Greta Thunberg and 12 others will appear in court for a plea hearing today, after their arrest during a Fossil Free London protest outside the Energy Intelligence Forum, formerly the Oil and Money conference, hosted at the Intercontinental Hotel, London. A further 13 defendants will appear on later court dates.
Thunberg: oily money out, cops come in
The protest was part of Oily Money Out – a series of disruptions from the 17-19 October against the carbon emissions, political influence, and lobbying of the fossil fuel companies and banks attending the Energy Intelligence Forum:
As the Canary previously reported:
On Tuesday, activists from across Europe travelled to London to join protests outside a major fossil fuel conference. Protesters demonstrated in streets outside the Intercontinental Hotel, where fossil fuel companies and their financiers were meeting for the Energy Intelligence Forum.
As the Canary’s Steve Topple previously highlighted, the forum is “the world’s largest annual gathering of energy companies.” Moreover, Topple noted that guests included “bosses from notorious fossil fuel companies”. In fact, the conference was brimming with speakers from the likes of major climate-wrecking corporations including BP, Chevron, and Exxonmobil.
Meanwhile, Global Witness recently found that between January and March of 2023 UK Prime Minister Rishi Sunak and Climate and Energy Ministers met with fossil fuel companies 54 times. They then proceeded to announce a new UK oil and gas licensing round in the North Sea, and approve the controversial Rosebank oil field.

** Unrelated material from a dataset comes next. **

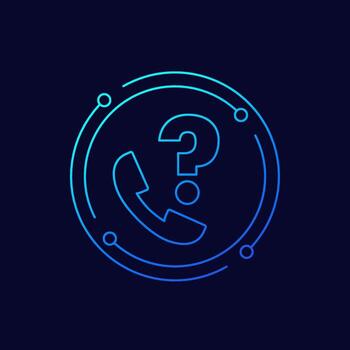 support phone call line icon for web and apps vector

Fossil Free London: subject to controversial law
So, as profiteering bosses from infamous ecocidal corporations sidled up while politicians did their bidding, activists blocked the doors to the conference. Naturally then, the Met police arrived to arrest the protesters taking direct action against these environmental vandals.
The Crown Prosecution Service (CPS) charged many of the protesters with breaching the Section 14 order which the force had put in place during the demo. Thunberg was among the activists charged with the public order offence:
— Fossil Free London (@fossilfreeLDN) October 17, 2023
The Public Order Act, of which Section 14 is a part, was recently amended by the controversial ‘Policing Bill’ (Police, Crime, Sentencing and Courts Act 2022) to expand police powers to set legally binding conditions on marches and assemblies. When being voted on in Parliament, this move was described as “deeply troubling” by the UN human rights chief.
“Their profit is our loss”
Joanna Warrington, an organiser with Fossil Free London, said:
Super-rich oil bosses are corrupting our politics. They spend millions lobbying our politicians to stay hooked on their unaffordable dirty fuels, locking us into a future of struggle. Their profit is our loss.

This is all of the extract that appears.